2014-01-20 07:44 AM
I'm on an STM32 F2, but a generic idea would be ideal :)
Is there any way to get a high level 'reasonably' accurate idea of how busy the cpu? Given the variety of peripherals and so on I'm sure its quite a challenge if doable at all to get an accurate idea, but for my purposes I'd just like an idea of how effective some optimizations are. (and by 'busy', I mean, in terms of available cpu cycles to do some manual work, not 'busy' as in terms of how many peripherals are active at once, etc) ie: Say your'e doing a full memcpy sort of operation in pure C or ASM code, versus firing up a DMA to do it.
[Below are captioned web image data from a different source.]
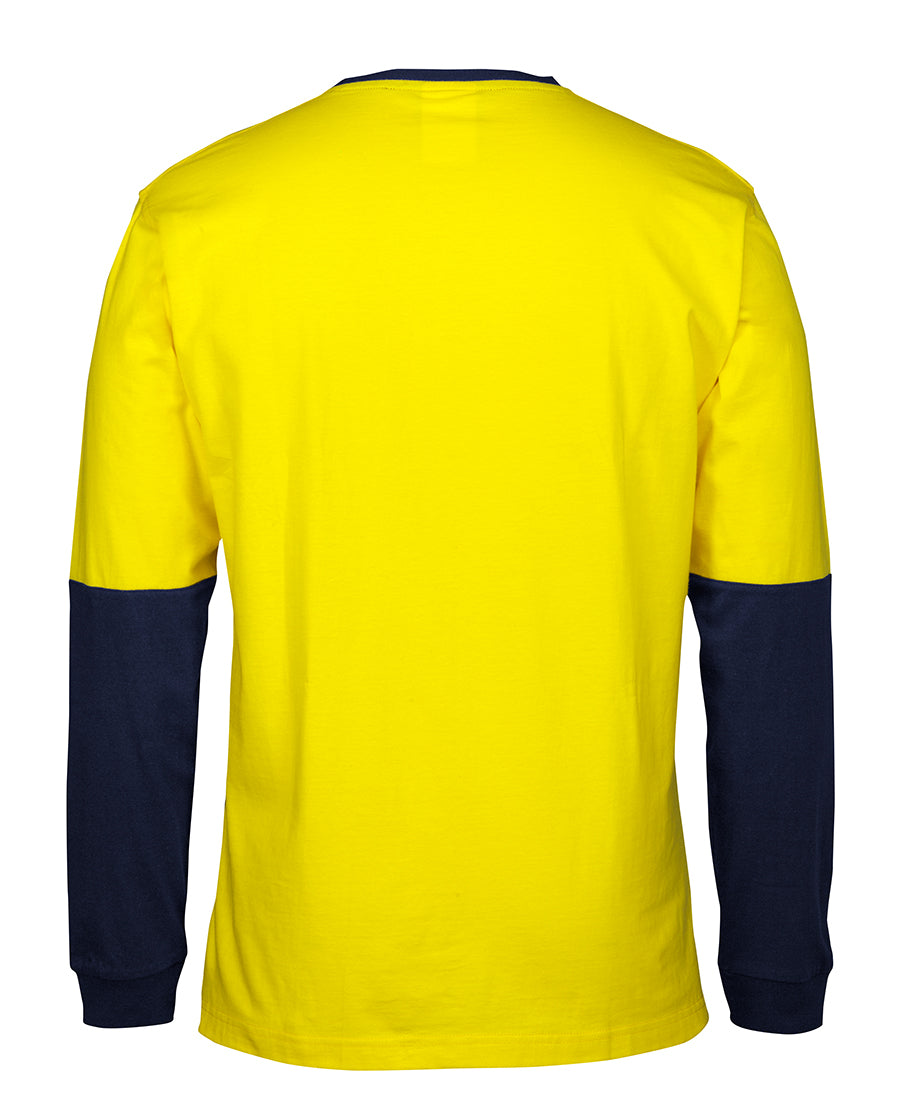 JB's Hi Vis L/S Crew Neck Cotton T-Shirt - Yellow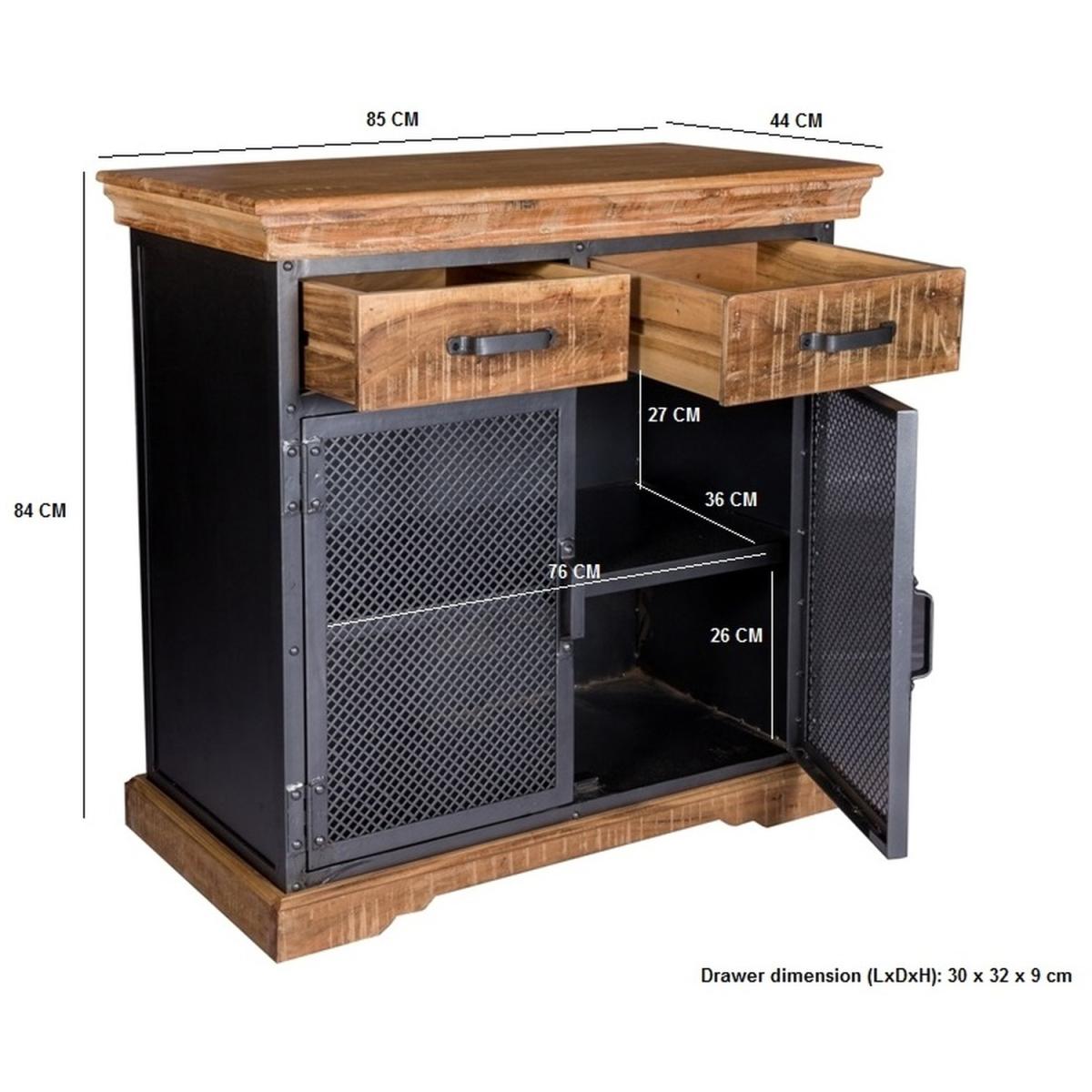 Cosmopolitan Industrial 2 Drawer Sideboard  - Light Wood – image 2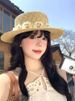 Bloem platte strohoed voor dames, zomerse strandvakantie, zonnehoed, pastorale schaduw, bescherming tegen de zon, strohoed_voghion.com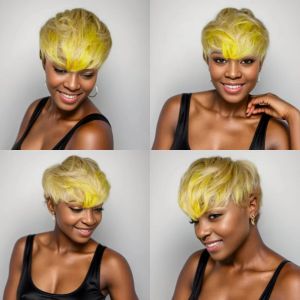 Perücken WIGERA Highlight Synthetische Pixie Cut Ombre Bronw Gelb Honigblond Gold Gemischte kurze gerade Frisur Perücke mit Pony für Frauen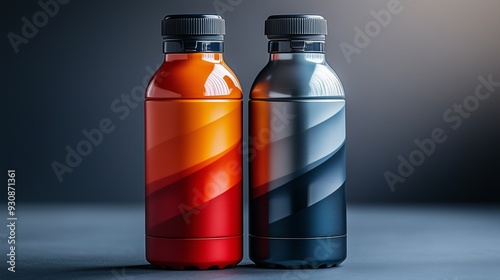 A crisp, high-resolution mockup of two sport water bottles, each with a distinct color scheme and design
If you perforn this optimization, it'd be nice to see a 'cpu is 90% busy' down to 'cpu is 40% busy' sort of test be doable. jeff2014-01-20 08:01 AM
Hi
Tricky. I had this discussion with a colleague a few years back and he managed to convince me of his take on it : the CPU is 100% busy doing what it has been told to do. If it is doing 'nothing' - it is spend 100% of its time doing 'nothing' '' it'd be nice to see a 'cpu is 90% busy' down to 'cpu is 40% busy' sort of test be doable.'' This kind of measurement is only possible once you introduce the concept of 'idling' Simply put - you need an 'idle task'. Then you can simply measure the time spent idling verses the time spent processing over a fixed period.2014-01-20 08:22 AM
Years ago, a networking guy asked me .. 'is it better if the pipes are full or empty?', and naturally I said 'full, not wasting any time', and he said 'empty, networks always should be minimum use'. Developers want to see full out all the time, but flexible enough to adjust when new input comes.. CPU can't be sitting around doing nothing, thats no good :) (except nowadays, you do want the cpu to idle and conserve battery, but times have changed.) But network should be full of 'my' data, not anyone elses ;)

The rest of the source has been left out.